I due, Sentsov e Balukh, sono stati condannati, come ricordava ieri l’altro l’ambasciata russa a Londra, in risposta a una nota britannica circa la loro condanna “per l’opposizione alla illegale annessione della Crimea”, per reati perseguiti pressoché in tutti i paesi, Gran Bretagna compresa. Nello specifico, Sentsov è stato condannato a 20 anni per formazione di cellula terroristica e organizzazione di due attentati; Balukh a 3 anni e mezzo, per porto illegale d’armi. Nella primavera del 2014, il gruppo messo in piedi da Sentsov aveva compiuto due attentati a Simferopoli, quasi sicuramente da mettere in relazione alle attività diversive degli islamisti del medžlis dei tatari di Crimea, il gruppo sponsorizzato dai golpisti ucraini e spalleggiato dai Lupi grigi turchi.
Tornando a il manifesto, non sembra che questo mostri spesso particolare scrupolo per le scorribande fasciste nelle piazze ucraine, da Kiev a Dnepr; per la privazione del diritto di voto a quegli abitanti del Donbass trasferitisi in Ucraina; per il terrorismo contro i civili del Donbass e della Crimea, cui Kiev blocca regolarmente l’erogazione di acqua, energia elettrica e gas; per la crescente eroicizzazione degli ex nazisti: tanto per citare l’ultimo caso, alla vigilia della parata militare del 24 agosto a Kiev, per l’anniversario della “indipendenza”, si inaugurano a Ternopol gli ennesimi monumenti a Nikolaj Arsenic, fondatore dei battaglioni nazisti ucraini “Nachtigall” e “Roland”.
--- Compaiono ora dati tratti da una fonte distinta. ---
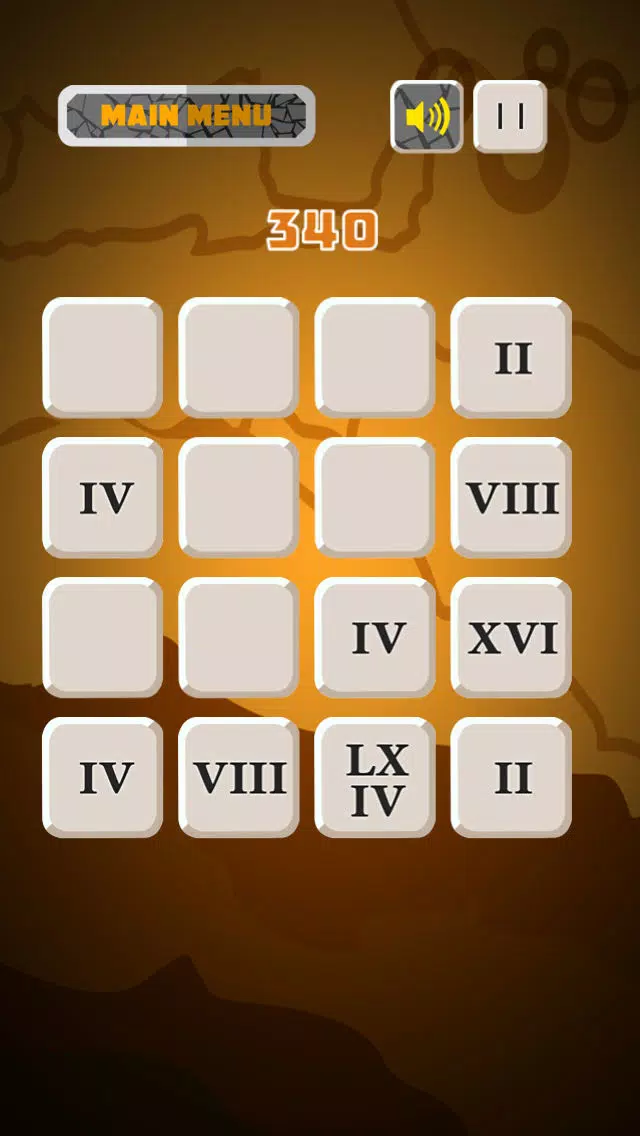 2048 Cesar Roman Empire Puzzle Conquest - Free Screenshots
Ci è sfuggita, sul medesimo quotidiano, la notizia a proposito della denuncia ONU sulle violenze commesse da esercito e battaglioni neonazisti nel 2014 contro la popolazione civile di Ilovajsk. Nemmeno ha meritato la stessa attenzione di Sentsov, il fatto che il canale tv ucraino NewsOne ricordi apertamente di come le forze ucraine torturassero e uccidessero (e continuino a farlo) i civili del Donbass, smentendo così le reazioni ufficiali golpiste al summenzionato documento ONU.
Forse, ciò non meritava attenzione, perché la denuncia ONU non parlava di altrettanti atti di violenza da parte delle milizie popolari e, in base al precetto di alcuni redattori di via Bargoni, secondo cui nel conflitto in Donbass, “non ci sono né buoni né cattivi”, allora bisogna soprassedere alla notizia. Non capita spesso di leggere sullo stesso foglio di come si glorifichino a Kiev quegli “eroi” che proclamavano la fede “in una grande Ucraina strettamente legata a Adolf Hitler e al Terzo Reich”. Ci sembra che ignorata sia rimasta anche la testimonianza del reduce delle Forze operative speciali ucraine, tal Aleksandr Medinskij (rifugiato in Finlandia), su come, nell’estate 2015, quelle forze avessero usato sostanze chimiche contro le milizie popolari.
Ma, perché continuare! Se nelle redazioni romane le fonti primarie ed esclusive per le notizie dal “fronte orientale” sono BBC e Novaja Gazeta, sembra quasi tempo sprecato. Ora, attendiamo il momento in cui i media italici prenderanno le difese del “governo crimeano in esilio”, che Porošenko ha intenzione di nominare.